Start of AVAILABLE RECORDS

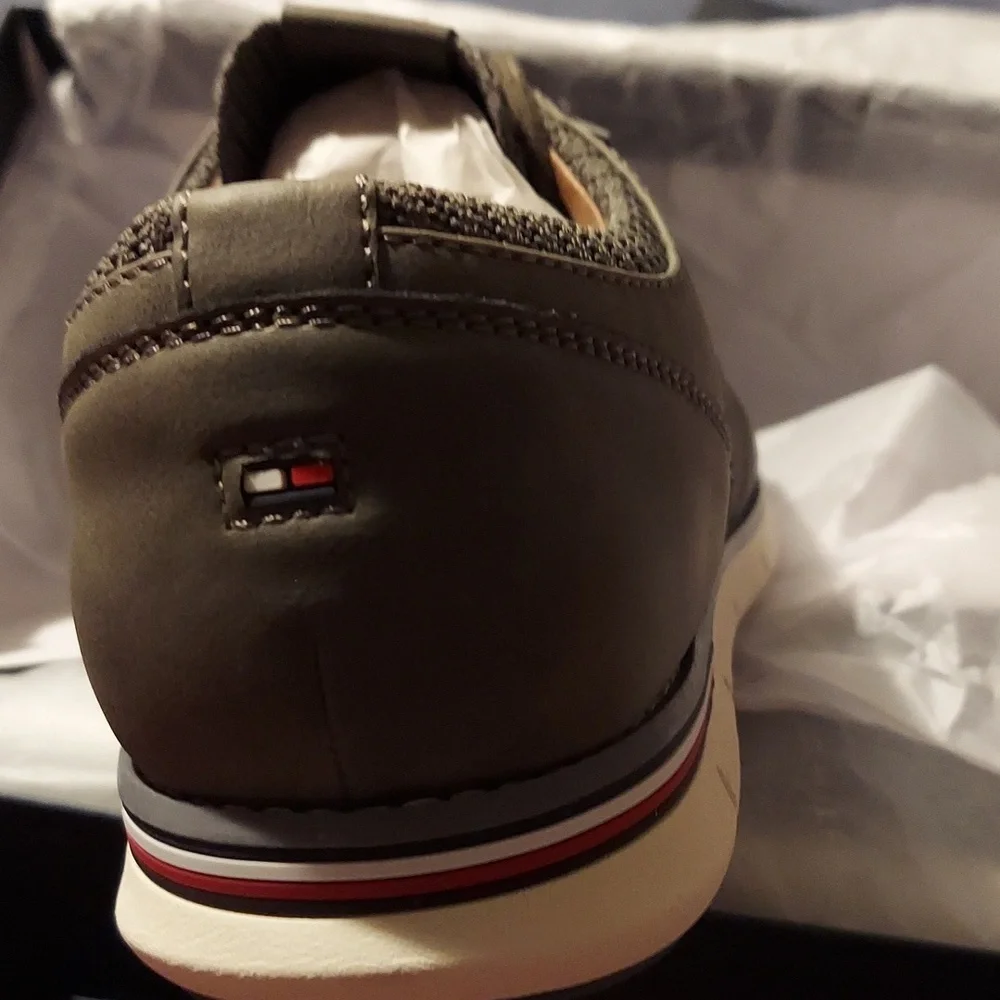 Tommy Hilfiger Men's Winner Casual Lace up Oxfords Men's Shoes - Picture 8 of 9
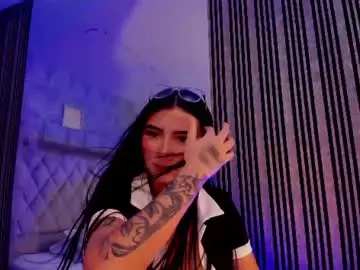 Chaturbate Sex Chat of kendallmeyers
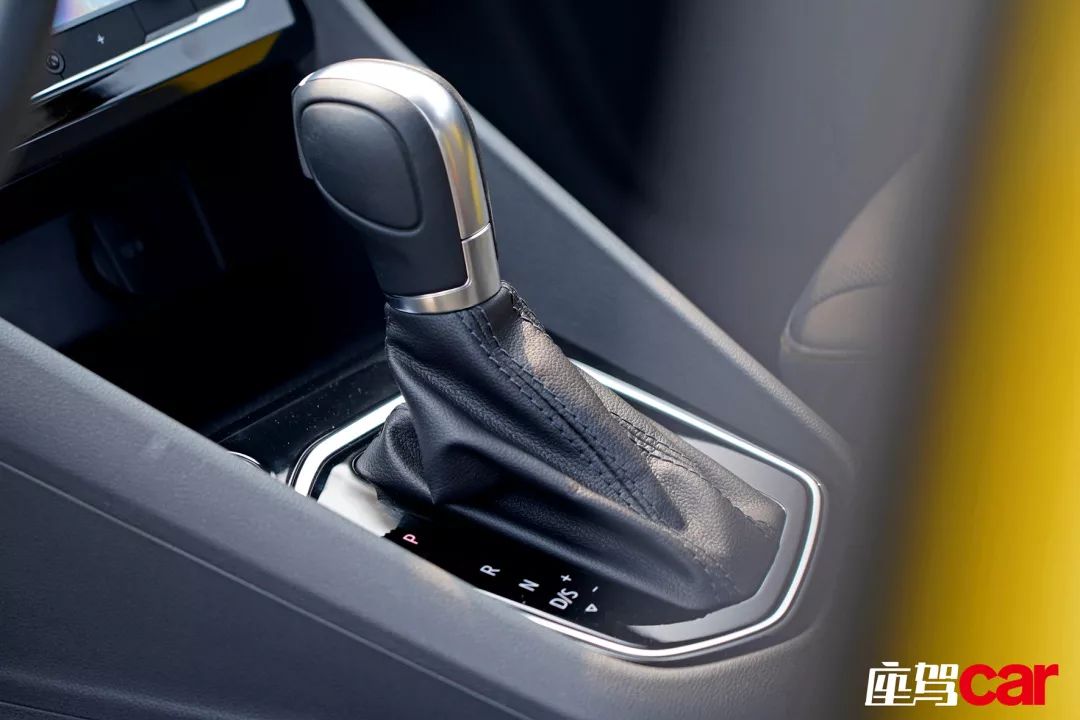 捷达好还是国产车好,捷达还是老款的样子好看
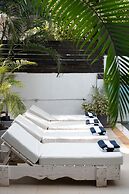 Living Room by Seasons Hotels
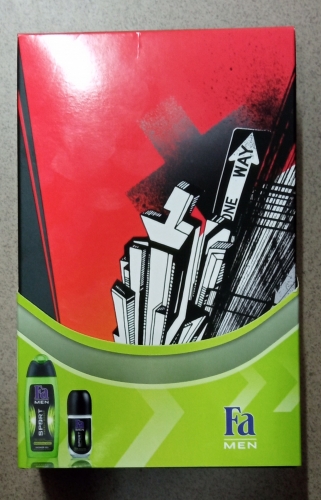 Fa ajándékcsomag tusfürdő+golyós deo sport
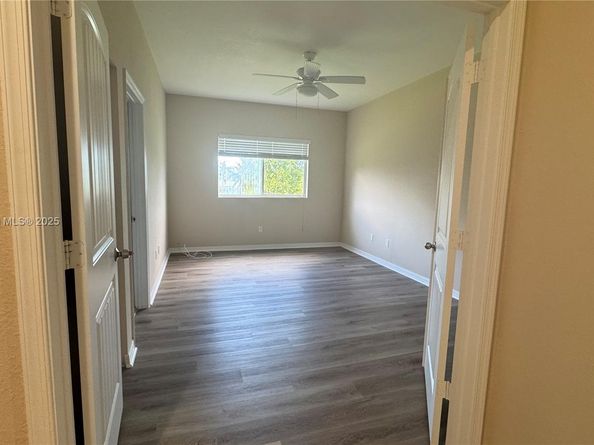 1121 Vermilion Dr, West Palm Beach FL 33461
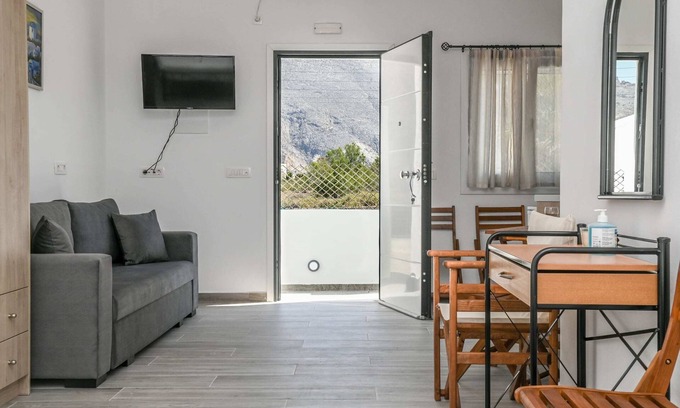 Perissa Apartment | Experience Dreamy Santorini Gorgeous Std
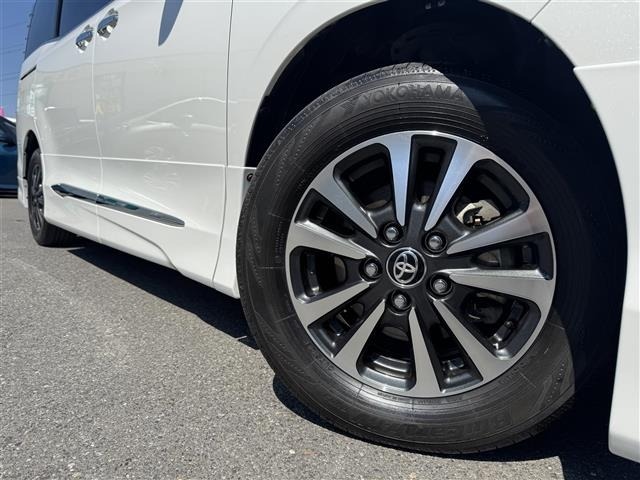 Toyota ESQUIRE 2019 7429001-3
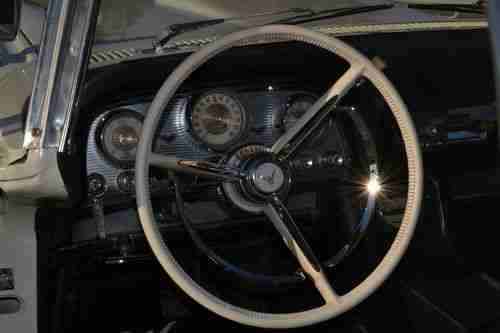 1960 Ford Thunderbird, image 12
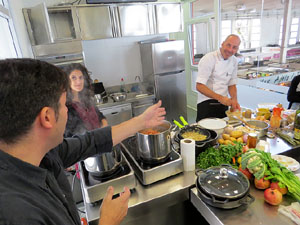 Mercat del Lle&oacute;. Sessi&oacute; de cuina a l'Aula Gastron&ograve;mica a c&agrave;rrec del xef Nir Zook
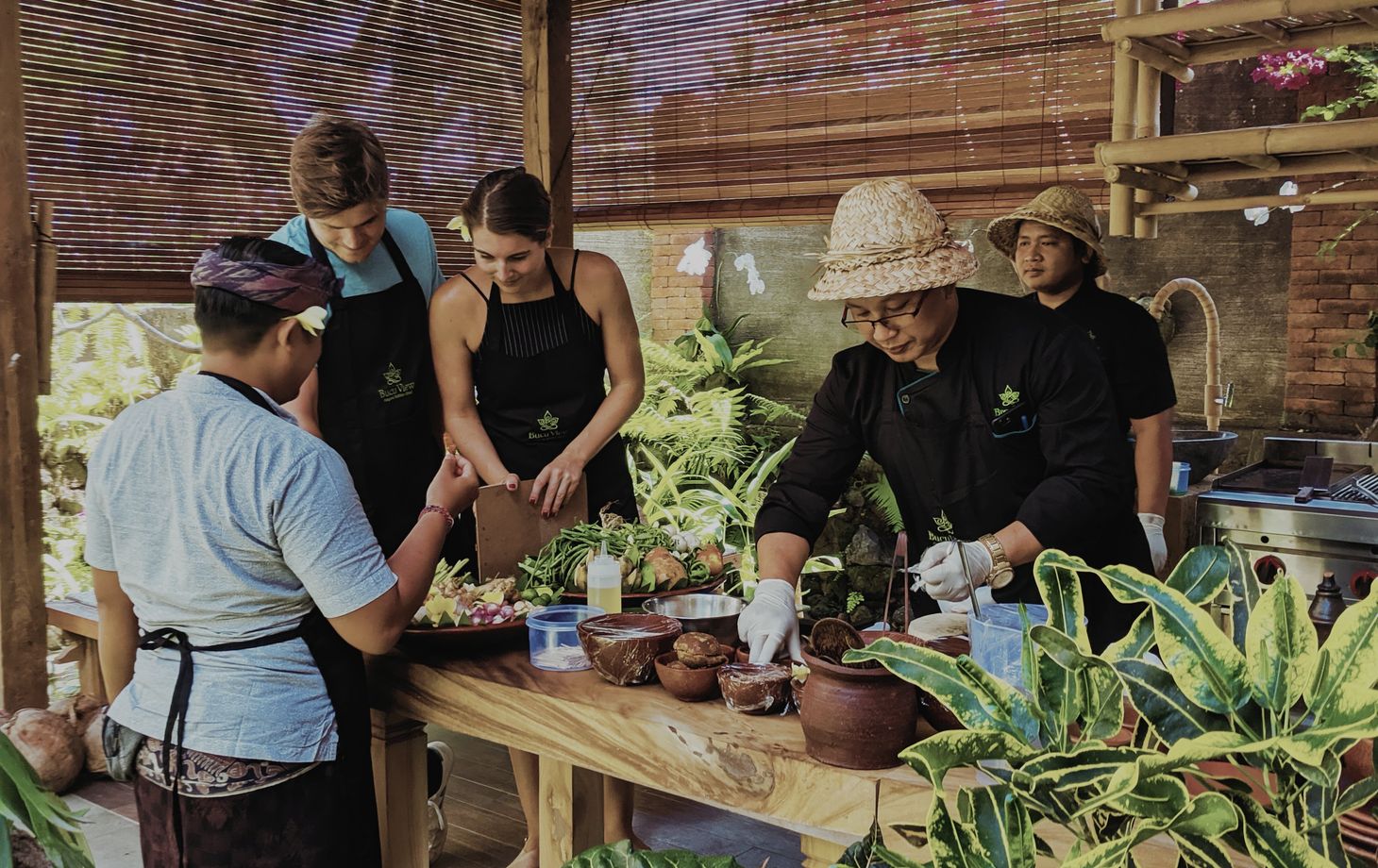 Balinese Cooking Experience and Market Tour with Lunch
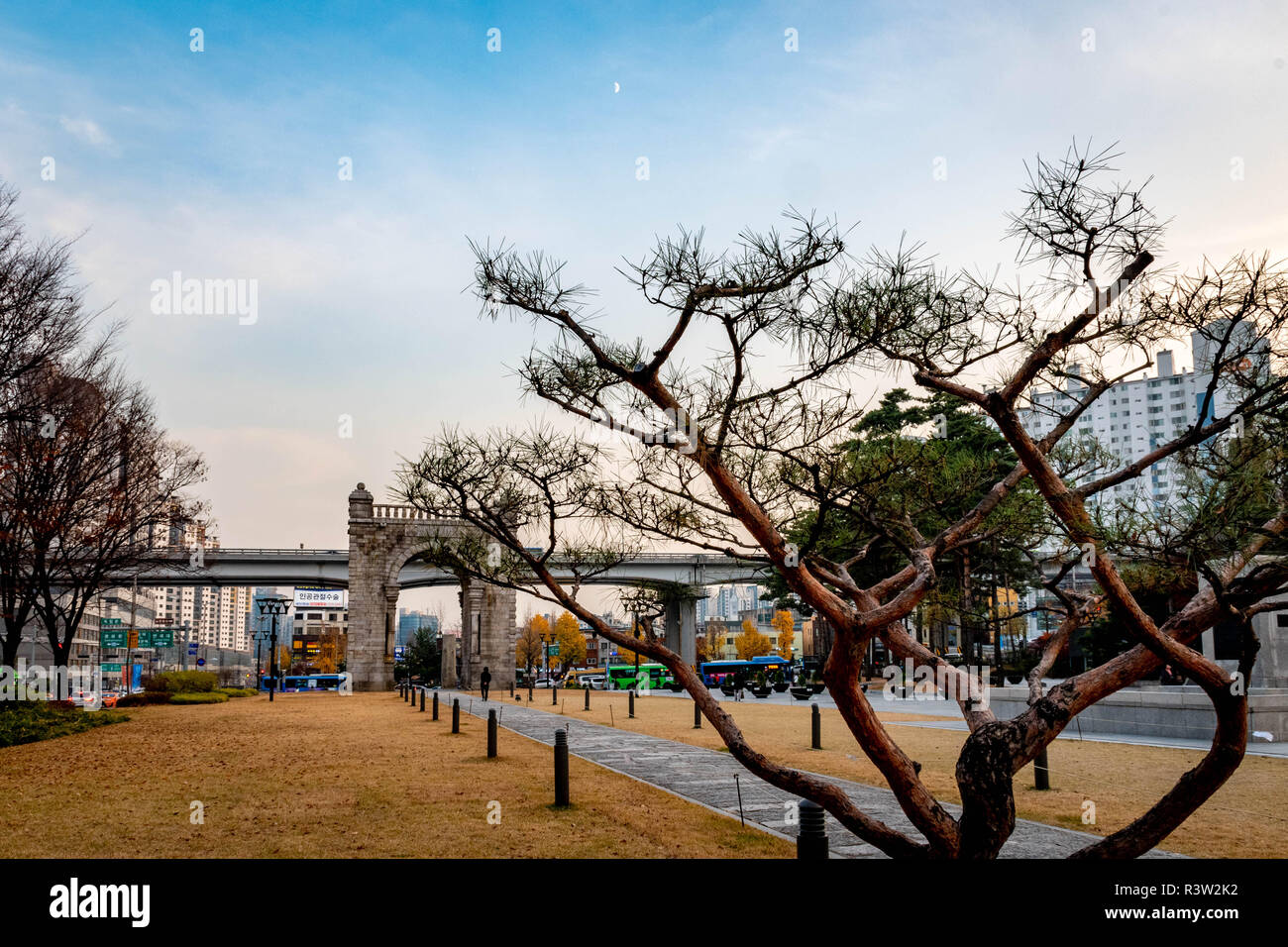 Indipendenza Gate Park a Seul in Corea. Questo parco con un Centro Visitatori comprende un museo in una ex prigione e le rovine di un antico cancello. Foto Stock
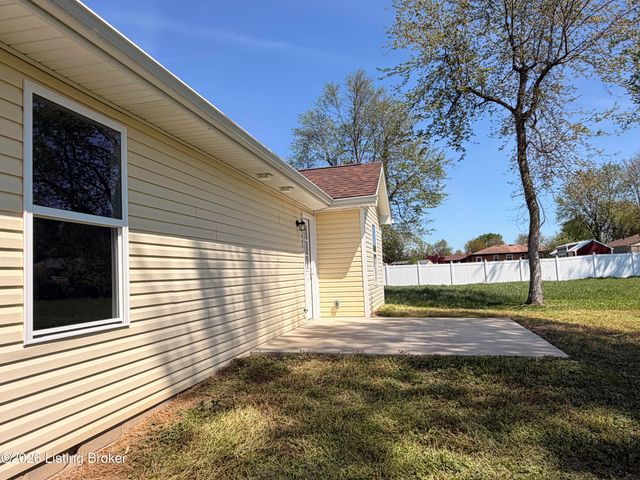 5409 Mt Holyoke Dr, Louisville, KY 40216
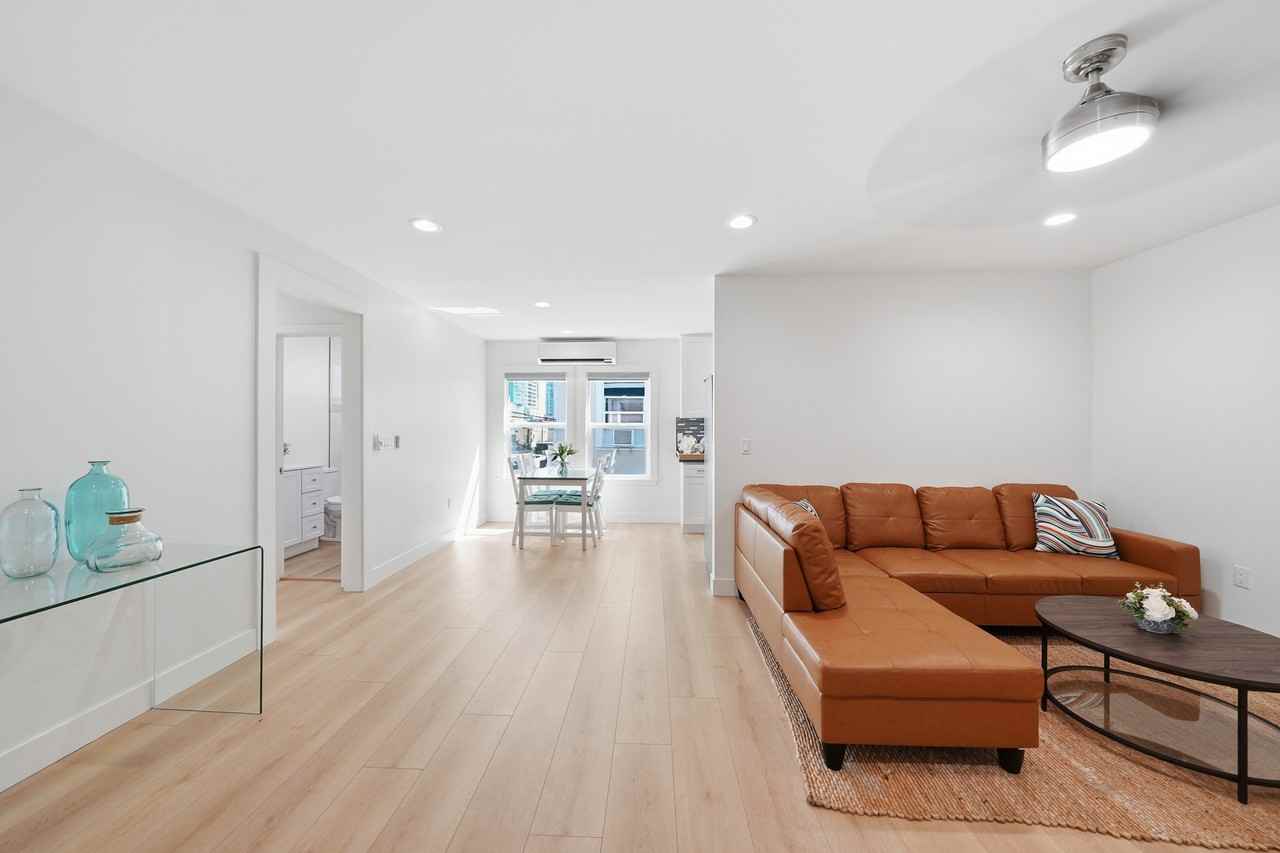 450 S Manhattan Pl #12 - Photo 3 of 10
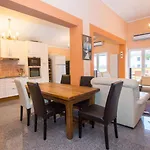 Apartment For 8 People Near The Beach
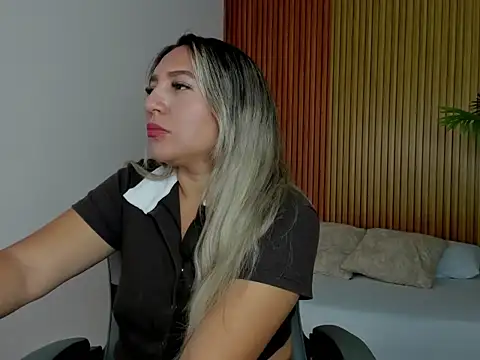 kiara mirren online show from 10-23-25, 12:37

End of AVAILABLE RECORDS

Reproduce the data above exactly, but only from the line containing "捷达好还是国产车好,捷达还是老款的样子好看" through the line containing "Apartment For 8 People Near The Beach". Omit all pictures.

 捷达好还是国产车好,捷达还是老款的样子好看
 Living Room by Seasons Hotels
 Fa ajándékcsomag tusfürdő+golyós deo sport
 1121 Vermilion Dr, West Palm Beach FL 33461
 Perissa Apartment | Experience Dreamy Santorini Gorgeous Std
 Toyota ESQUIRE 2019 7429001-3
 1960 Ford Thunderbird, image 12
 Mercat del Lle&oacute;. Sessi&oacute; de cuina a l'Aula Gastron&ograve;mica a c&agrave;rrec del xef Nir Zook
 Balinese Cooking Experience and Market Tour with Lunch
 Indipendenza Gate Park a Seul in Corea. Questo parco con un Centro Visitatori comprende un museo in una ex prigione e le rovine di un antico cancello. Foto Stock
 5409 Mt Holyoke Dr, Louisville, KY 40216
 450 S Manhattan Pl #12 - Photo 3 of 10
 Apartment For 8 People Near The Beach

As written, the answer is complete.